With just a few months left in the war, he was given his first major command: the cavalry division of the Army of the James. By Appomattox he held the brevet ranks of brigadier general of the regular army and major general of the volunteers, making him the highest-ranking officer in West Point’s class of 1862. He was only twenty-four years old. He had been brevetted seven times in less than three years, a pace of promotion almost unheard of in the army and which beat Custer’s five brevets, though Custer ended with the same rank.⁴ Mackenzie was, moreover, one of Grant’s favorites. “I regarded Mackenzie as the most promising young officer in the army,” Grant later wrote in his memoirs. “Graduating at West Point, as he did, during the second year of the war, he had won his way up to command of a corps before its close. This he did upon his own merit and without influence.”⁵
Something else happened to Mackenzie during the war. Like so many other young men, he hardened. He lost his easy affability, his prankishness, and much of his good humor. This was undoubtedly caused in part by the bloodshed and suffering he witnessed from 1862 to 1865. But it was more directly related to a series of gruesome, debilitating wounds he received and from which he would never fully recover. He was wounded on six different occasions. At Manassas, he was shot with a .50-plus-caliber bullet through both shoulders, a terrible internal wound that should have killed him. He lay where he fell for twenty-four hours before being rescued. He was hit in the leg with an artillery shell (at Winchester), and later wounded in the chest by shrapnel. Another artillery shell took off the first two fingers of his right hand. The pain never left him, and it changed him.
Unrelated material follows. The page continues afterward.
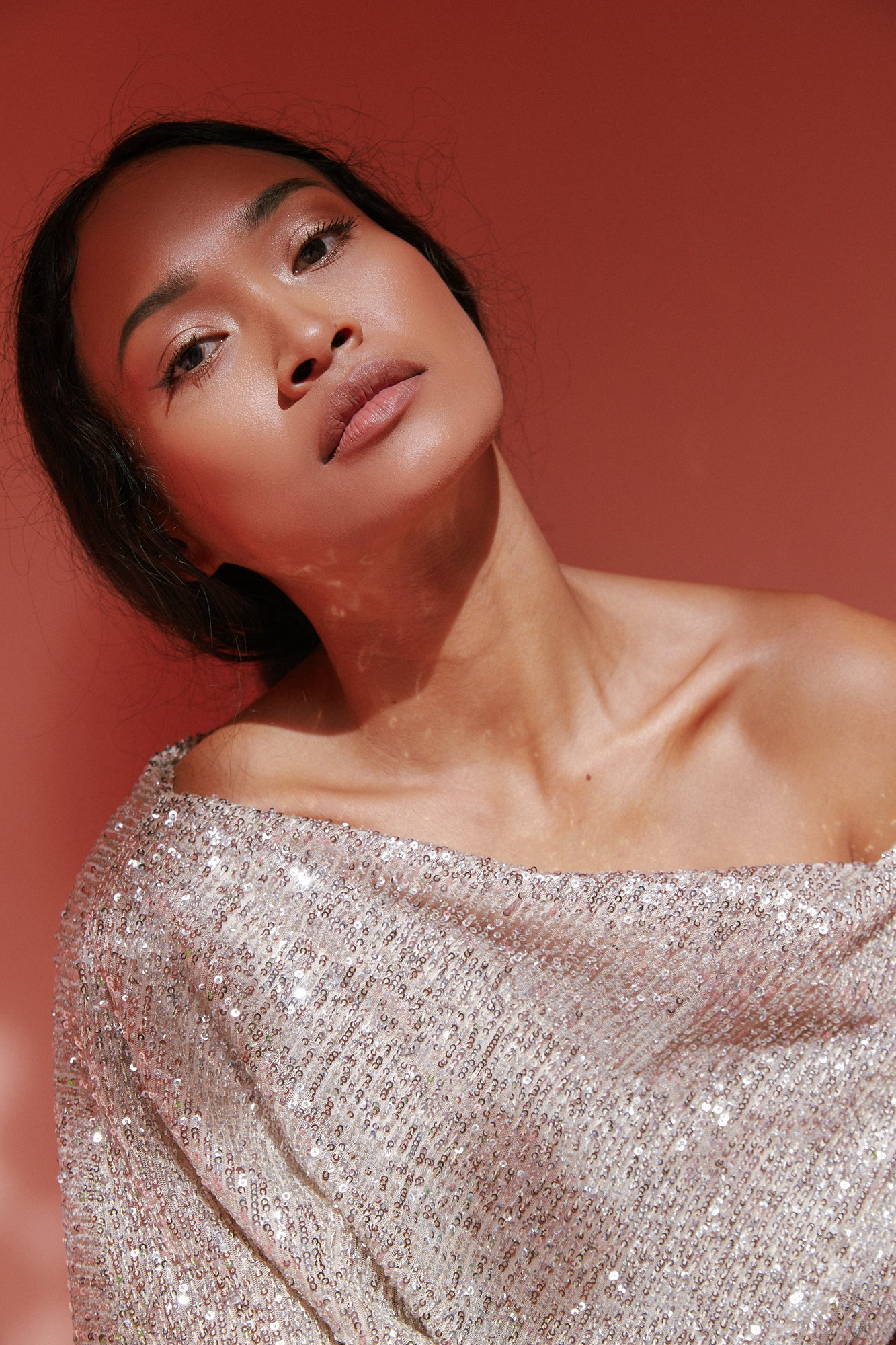 Elegant sequin asymmetric dress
His first command felt the brunt of this change. When he inherited it, the Second Connecticut had been a beaten, neglected, and demoralized unit. After Cold Harbor, Mackenzie drilled them mercilessly and punished them liberally. The men hated him. He was so hard on them that some even plotted to shoot him in the next battle.⁶ “By the time we reached the Shenandoah Valley,” wrote one of his lieutenants, “he had so far developed as to be a greater terror to both officers and men than Early’s grape and canister.”⁷ At Winchester the regiment fought gallantly; its losses were higher than any other regiment in the fight; the men also witnessed Mackenzie’s astounding bravery. After that the talk of mutiny stopped. His men did not like him. Many feared him. But like all men in subsequent Mackenzie commands, they always believed they had a better chance with him in battle than with other commanders. He was not what West Pointers would describe as a martinet. He was neither vain nor arrogant nor capricious. He was just brutally demanding: the boss from hell.
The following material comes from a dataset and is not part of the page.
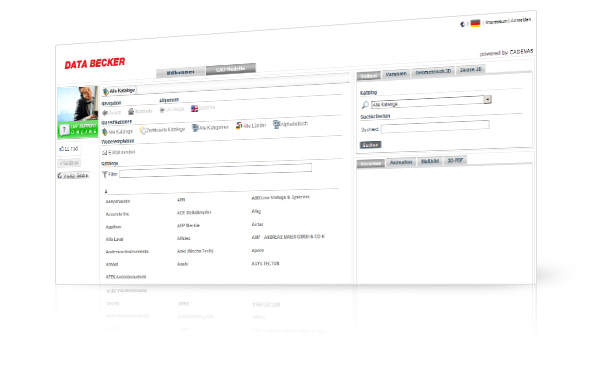Data Becker 3D CAD Downloadportal PARTcommunity von CADENAS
After the war was over, Mackenzie remained in the army, reverting to his actual rank of captain (as did Custer), and building harbor defenses in Portsmouth, New Hampshire. In 1867 he was promoted to colonel and took command of the Forty-first Infantry, a black regiment that soon moved to Texas. He was stationed at various different forts there, and saw his first limited Indian engagements in 1869 and 1870. They were really nothing more than skirmishes. He spent a good deal of his time sitting on courts-martial in San Antonio. In 1871 he got his big break. He was given command of the Fourth Cavalry on the frontier, an event that was a direct consequence of President Grant’s increasing impatience with the “peace policy.” It was no accident that the man he considered his most aggressive and effective officer was being placed squarely in the path of Comanche war parties.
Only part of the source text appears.